Of course, you can quickly remedy this problem in the terms of coverage, by limiting patient coverage to problems not directly attributable to malfeasance and/or negligence. However, this just leaves us where we started, and opens a whole new door to litigation against insurance carriers.
I like the system in Massachusetts. While I am not an expert, and cannot verify all of the details...I can give you a general view of what it takes to bring a med. mal case in Mass. For those of you more knowledgeable than I, please educate us regarding the details.
Before a complaint is filed, the plaintiff must already have an expert on board, willing to point out the failure to meet the standard of care. Second, the complaint and corresponding expert testimony must be brought before a review board who will allow the case to proceed or nip it in the bud.

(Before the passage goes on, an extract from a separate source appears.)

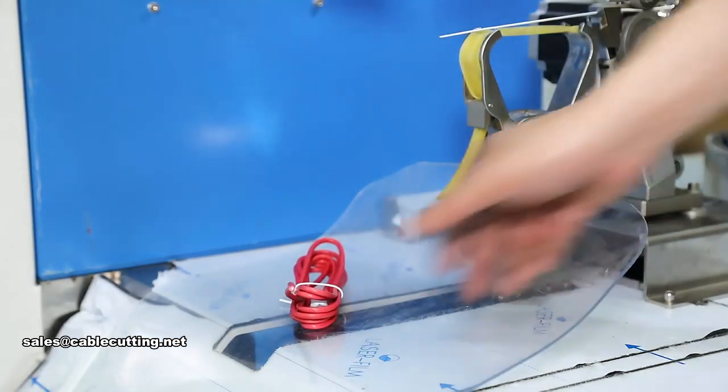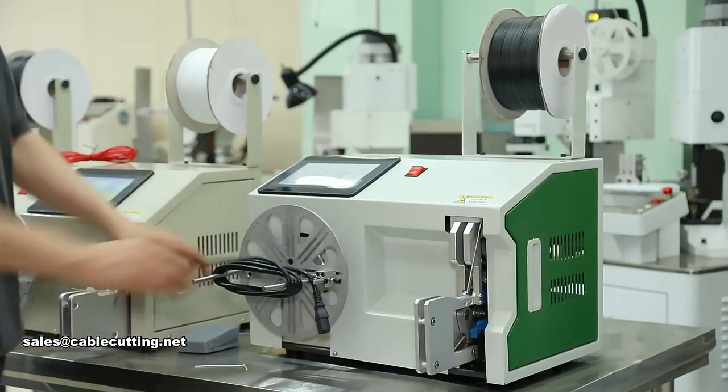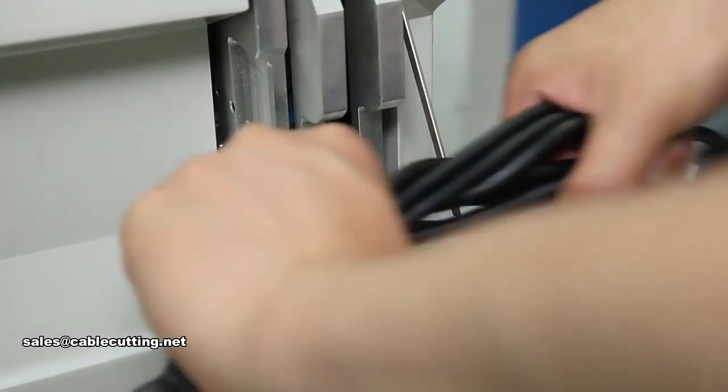Thousands of times of windings, stripping, twisting, tinning the terminal, wearing rubber shell, tape winding, drying heat shrinkable tube, wearing waterproof harness — complete equipment.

The review board decision may be appealed, however, the decision on appeal is binding and final.

This plan 1) places a great deal of expense and preparation on the plaintiff, limiting frivoulous suits.
2) Forces the plaintiff to at least justify the claim on the merits rather than force a settlement to escape the costs of defending a meritless claim. And 3) allows a meritorious claim to proceed through the courts without offending traditional notions of tort liability, compensation for the victim, punishment for the wrongdoer, and deterence for other practitioners.

Is this, possibly, an adequate compromise?

Posted by: john | September 28, 2006 11:15 AM

Supremacy makes the saddest point of all with his kevlar joke; there is so much animosity between doctors and lawyers that a discussion between both sides is unlikely.